# FISHING THE Mosquito lagoon



## Catchingfl (Oct 31, 2018)

LET ME KNOW WHAT YA THINK. IF YOU LIKE IT PLEASE LIKE AND SUBSCRIBE.


----------



## Bonesonthebrain (Jan 2, 2020)

The boat has under gunnel fly rod holders for a reason.


----------



## Catchingfl (Oct 31, 2018)

Bonesonthebrain said:


> The boat has under gunnel fly rod holders for a reason.


i know, but i like to keep the rod out with line in the stripping basket incase i see one coming. Gotta be ready.


----------



## Smackdaddy53 (Dec 31, 2012)

I can never get this type of video to load. Do you have a YouTube link?


----------



## Catchingfl (Oct 31, 2018)

Smackdaddy53 said:


> I can never get this type of video to load. Do you have a YouTube link?
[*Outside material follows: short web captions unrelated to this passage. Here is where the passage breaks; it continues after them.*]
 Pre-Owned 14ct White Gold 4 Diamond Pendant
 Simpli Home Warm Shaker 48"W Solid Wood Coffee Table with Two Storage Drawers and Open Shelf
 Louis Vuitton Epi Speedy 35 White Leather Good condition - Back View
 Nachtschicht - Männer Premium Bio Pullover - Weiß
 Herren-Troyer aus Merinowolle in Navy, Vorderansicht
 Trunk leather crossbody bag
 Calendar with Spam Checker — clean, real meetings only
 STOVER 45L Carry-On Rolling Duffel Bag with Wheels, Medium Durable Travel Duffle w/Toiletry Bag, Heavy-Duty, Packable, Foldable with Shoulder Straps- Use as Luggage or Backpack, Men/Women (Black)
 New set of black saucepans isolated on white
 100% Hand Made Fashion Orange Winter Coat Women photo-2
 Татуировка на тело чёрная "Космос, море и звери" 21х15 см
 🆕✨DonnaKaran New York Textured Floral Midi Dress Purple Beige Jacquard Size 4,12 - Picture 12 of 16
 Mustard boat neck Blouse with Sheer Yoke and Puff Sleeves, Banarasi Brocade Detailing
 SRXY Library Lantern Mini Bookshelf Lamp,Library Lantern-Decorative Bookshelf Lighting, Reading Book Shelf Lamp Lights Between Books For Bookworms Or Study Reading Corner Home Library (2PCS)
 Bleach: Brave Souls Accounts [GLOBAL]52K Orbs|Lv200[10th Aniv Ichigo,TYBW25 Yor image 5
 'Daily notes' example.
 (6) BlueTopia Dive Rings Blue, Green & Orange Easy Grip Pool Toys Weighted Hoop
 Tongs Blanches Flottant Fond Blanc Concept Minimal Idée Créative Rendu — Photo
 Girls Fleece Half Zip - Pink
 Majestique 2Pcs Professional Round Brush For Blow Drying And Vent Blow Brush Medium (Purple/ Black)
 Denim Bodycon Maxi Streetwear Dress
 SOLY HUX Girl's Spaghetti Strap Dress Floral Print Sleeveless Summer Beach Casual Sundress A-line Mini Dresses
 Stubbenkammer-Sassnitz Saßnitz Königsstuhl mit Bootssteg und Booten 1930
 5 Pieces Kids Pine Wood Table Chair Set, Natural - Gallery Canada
yes here it is thanks for watching.


----------



## Capnredfish (Feb 1, 2012)

It’s completely sealed you said. Well it looks like your girl will be completely sealed tonight. Little rough on her. Put some of that crap away.


----------



## Capnredfish (Feb 1, 2012)

Nice fish though


----------



## Catchingfl (Oct 31, 2018)

Capnredfish said:


> Nice fish though


thank you, i probably could have reacted a little better. Its just a small boat not a lot of storage.


----------



## Capnredfish (Feb 1, 2012)

Having a good woman that likes to go out on the boat and flats fish is nice to have as a partner. Treat her well. Ok enough advice.


----------



## Catchingfl (Oct 31, 2018)

Capnredfish said:


> Having a good woman that likes to go out on the boat and flats fish is nice to have as a partner. Treat her well. Ok enough advice.


lol i wouldn't say she likes it, more like tolerates it haha, but thank you


----------